Oh! and last thing: it doesn't matter if i KNOW you in real life or online or whatever, I can still coach you if I know you. There are strict confidentiality rules (i even have a legal document drawn up that I will gladly sign and send your way if you'd like (i've done it before several times! it's totally not a big deal for me to do it)) and it doesn't make anything "Weird" or whatever. Like i said, this is my calling in this life, this is literally my reason for being here. I am definitely able to handle things professionally and be detached from you as the person i'm coaching and you as the person who I run into at Target doing errands on a Sunday. Don't worry, this is totally normal for me and not a big deal. I know the majority of my clients in real life in all honesty and I've found that many have told me that they feel better about the process because they knew me at least a little bit before getting involved in the coaching. It's like with anything else, it's best to get a feel for someone before opening up. That's normal and it's normal to feel more comfortable because you know me on some level.  Just please have no worries about that aspect of it at all. Like i said, I know the majority of my clients.

Anyway, just wanted to throw that out there. Wow this has gotten longer than I expected so I'll end it now!

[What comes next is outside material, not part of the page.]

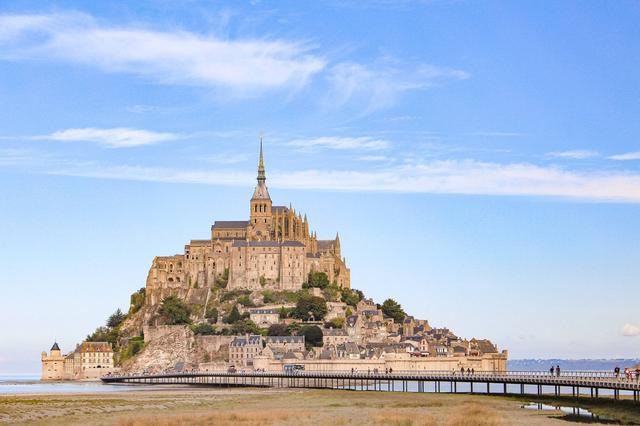 パリの街リトグラフエドアールマッカヴィ HYDE [INSIDE] LIVE 2025 WORLD TOUR」開催記念HYDE 監修ウォッカ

I hope this helps clear things up though and I hope that you keep it in your back pocket as an idea. Life is challenging right now and no one is expected to be able to get through it all alone. If you need someone to talk to who can offer you some insight into a situation you're going through, feel free to just send me an email and I'll let you know if coaching would work for this or not.  Lots of times it really just helps to have someone with an alternative opinion look at the situation you're going through and offer some insight. It's even better when that person is a trained professional :)

Thursday, April 8, 2010

Coaching: it's gettin' hot in here - thoughts about wishes

I'm glad to know that someone out there was listening a few weeks ago when, standing in the snow I wished loudly that summer would hurry up and get here already. 

It's nice to feel heard.

The weather, as you know if you live anywhere near me (East Coast area) has been absolutely crazy hot. It's been in the upper 80's lower 90's this whole week. Honestly, I'm kind of overjoyed by this weather. It's nice to have sunlight and warmth for a change, for the tree outside of my window to be covered with tiny little buds and berries. To need a fan to blow on my bare legs while I read in the afternoon.

But no one likes a whole post about the weather and so that's why I want to point something else out here too...this post isn't just about weather, this post really is about Granted Wishes.

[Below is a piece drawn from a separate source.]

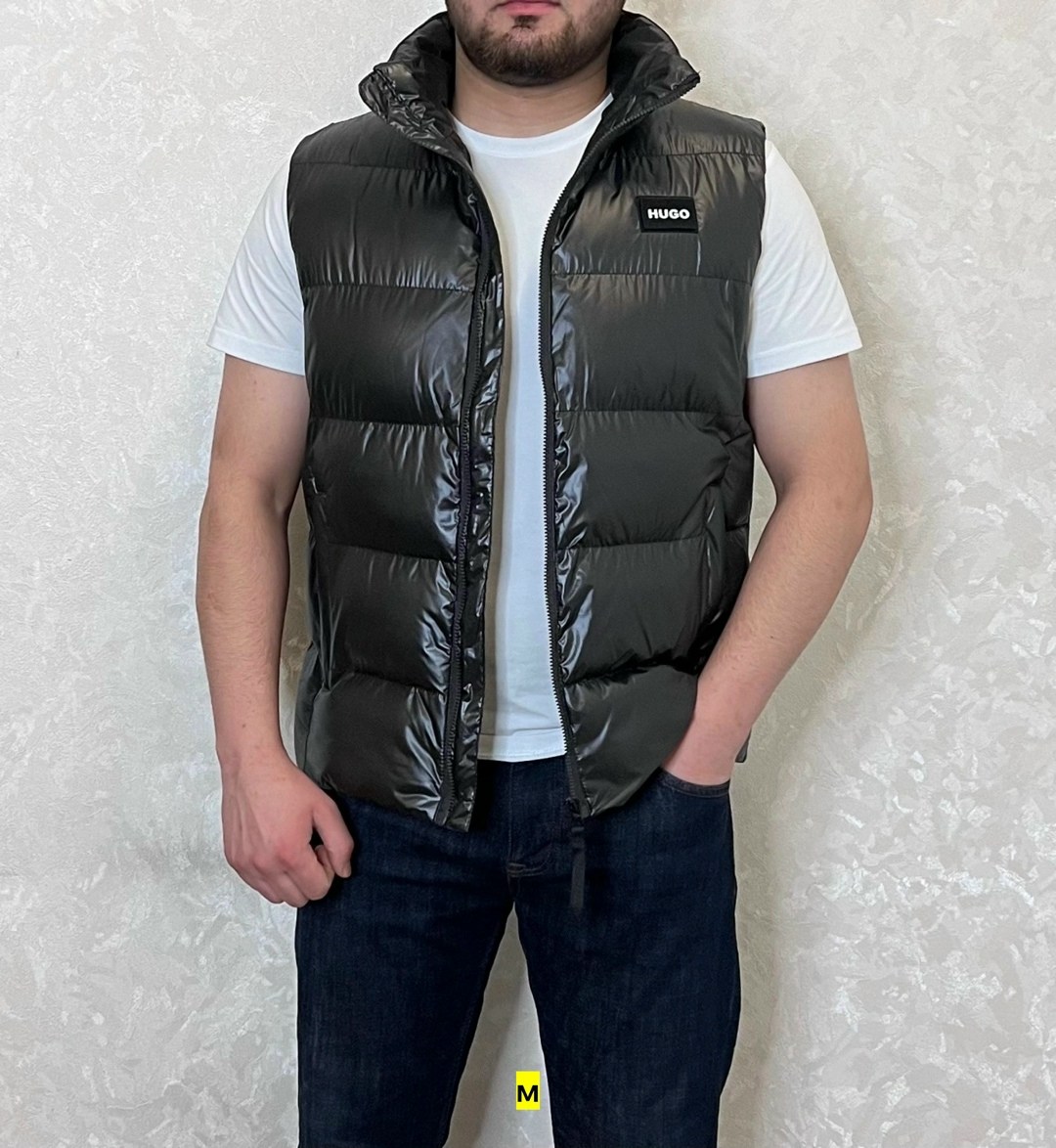 жилетка монклер мужская,мужские жилеты,жилетка мужская,жилет,жилетка армани мужская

See, like i said, a few weeks ago when it was bitter and freezing and we were on our third or fourth blizzard and I had to walk through the snow with my jeans on top of leggings tucked into boots with holes in them, tube socks pulled halfway up my legs and three shirts, a sweater and a coat on, I said to myself, "Can't it please just be summer soon? Can't we skip the cold, wet, rainy spring and just jump right into summer? I would love some 90 degree days!"

And look around you, my friends. That's exactly what happened.

Now obviously I'm not suggesting that I have some magical pull with the universe or the weatherverse or any verses-that-be (but maybe i do, you never know!) but what I am saying is this: Wishes are Granted all the time. 

That's the thing of it - people walk around speaking out loud about what they want in life, and they don't stop and realize how often they get it!

A few years ago i taught a class about this, about how the way we communicate and the words we say can (and do) shape our worlds.  People don't understand this, they don't know that the words that they expel into the atmosphere around them become a part of that atmosphere and shape it. Their words are literally creating their realities. This is true because on a very non-new-agey-level, whatever you say when you aren't alone can be heard by other people and we all know that the words we say are often the largest influences on the people around us.

So without going off onto too huge a tangent here (too late?) I want to express this thought: What you say and specifically for the sake of this post what you ask for and what you want in life often comes to you, you just don't stop to realize it or to see it or to appreciate it for what it is when it gets there.

Many people have forgotten how much they would've loved a day like this a few weeks ago. Instead they're complaining about the heat, driving with their AC on already, shutting the blinds and the windows and cranking up the air, complaining that it's too hot to move or to go anywhere.  I want to say to them, "Remember your former self? You from three weeks ago? That individual is kicking you right now for not appreciating this!"

How many women wish for more romance in their lives? And yet when their husbands fill their cars with gas or when they suggest they go out for ice cream after dinner these same women don't stop and realize that their wish is being granted. Sure, it might not always look like exactly what you had in your mind, but what kind of world would that be? Who do you want to be married to? Yourself?

The thing to do here is to pay more attention to the world around you. Look at the ways in which your wishes are being granted.  Are you upset because you never have time to yourself and then all of a sudden your kids' friends invite them over for a few hours? Bam. Wish granted. Don't fill that time with stupid errands or other obligations or by doing whatever you would be doing if the kids were still around - go out there and do whatever you wished you could be doing if you had more time! You are being given this gift, don't waste it.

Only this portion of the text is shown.